God Save the i-th Queen

Time Limit: 5000ms

Memory Limit: 65536KB

64-bit integer IO format: %lld      Java class name: Main

Submit Status PID: 4299

Did you know that during the ACM-ICPC World Finals a big chessboard is installed every year and is available for the participants to play against each other? In this problem, we will test your basic chess-playing abilities to verify that you would not make a fool of yourself if you advance to the World Finals.

During the yesterday’s Practice Session, you tried to solve the problem of N independent rooks. This time, let’s concentrate on queens. As you probably know, the queens may move not only

horizontally and vertically, but also diagonally.

You are given a chessboard with i−1 queens already placed and your task is to find all squares that may be used to place the i-th queen such that it cannot be captured by any of the others.

Input

The input consists of several tasks. Each task begins with a line containing three integer numbers separated by a space: X, Y , N. X and Y give the chessboard size, 1 ≤ X, Y ≤20 000. N = i−1 is the number of queens already placed, 0 ≤ N ≤ X·Y .

After the first line, there are N lines, each containing two numbers xk, yk separated by a space. They give the position of the k-th queen, 1 ≤ xk ≤ X, 1 ≤ yk ≤ Y . You may assume that those positions are distinct, i.e., no two queens share the same square.

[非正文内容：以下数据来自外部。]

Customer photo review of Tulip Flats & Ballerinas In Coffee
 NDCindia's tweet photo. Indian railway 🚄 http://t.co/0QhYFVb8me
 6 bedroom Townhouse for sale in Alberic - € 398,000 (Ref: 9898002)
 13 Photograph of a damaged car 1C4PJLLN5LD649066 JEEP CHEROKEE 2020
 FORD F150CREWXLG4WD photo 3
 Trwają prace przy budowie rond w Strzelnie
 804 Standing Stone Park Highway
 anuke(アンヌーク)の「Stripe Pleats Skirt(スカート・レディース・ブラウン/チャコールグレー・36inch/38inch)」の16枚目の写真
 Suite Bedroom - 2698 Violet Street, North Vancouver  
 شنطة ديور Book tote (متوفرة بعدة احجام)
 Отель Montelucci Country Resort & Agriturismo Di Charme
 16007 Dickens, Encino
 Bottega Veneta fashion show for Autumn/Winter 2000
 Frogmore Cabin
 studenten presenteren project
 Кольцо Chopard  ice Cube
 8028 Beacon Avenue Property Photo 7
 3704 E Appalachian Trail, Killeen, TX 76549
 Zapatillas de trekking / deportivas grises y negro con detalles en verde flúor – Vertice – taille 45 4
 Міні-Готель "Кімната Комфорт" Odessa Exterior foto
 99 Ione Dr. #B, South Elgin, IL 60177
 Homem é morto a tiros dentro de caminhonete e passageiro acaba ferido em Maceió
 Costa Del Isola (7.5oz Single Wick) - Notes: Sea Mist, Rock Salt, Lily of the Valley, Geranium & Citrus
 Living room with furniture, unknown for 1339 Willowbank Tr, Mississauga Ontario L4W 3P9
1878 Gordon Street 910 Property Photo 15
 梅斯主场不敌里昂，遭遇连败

The last task is followed by a line containing three zeros.

Output

For each task, output one line containing a single integer number: the number of squares which are not occupied and do not lie on the same row, column, or diagonal as any of the existing queens.

Sample Input

8 8 2
4 5
5 5
0 0 0

Sample Output

20
题意：类似八皇后问题 给你一个 你n×m的棋盘
告诉你个皇后的位置 问你棋盘最后有多少个点不被攻击到
思路：
常规方法超内存 
于是我们记录 每个皇后的攻击路线
如果point（ij）没有在攻击路线上 （原谅我不会上图。。。见代码吧 ）

那么就从cnt++
#include<iostream>
#include<stdio.h>
#include<string.h>
#include<algorithm>
using namespace std;
int x[40005],y[40005],ix[40005],iy[40005];
int main()
{
    int n,m,t;
    while(~scanf("%d%d%d",&n,&m,&t)&&n)
    {
        memset(x,0,sizeof(x));
        memset(y,0,sizeof(y));
        memset(ix,0,sizeof(ix));
        memset(iy,0,sizeof(iy));

        while(t--)
        {
            int a,b;
            scanf("%d%d",&a,&b);
            x[a]=1;
            y[b]=1;
            ix[a+b]=1;
            iy[a+m-b]=1;
        }
        int cnt=0;
        for(int i = 1; i <= n; i++)
            for(int j = 1; j <= m; j++)
            {
                if(!x[i] && !y[j] && !ix[i+j] && !iy[i+m-j])
                {
                    cnt++;
                }
            }
        printf("%d\n",cnt);
    }
}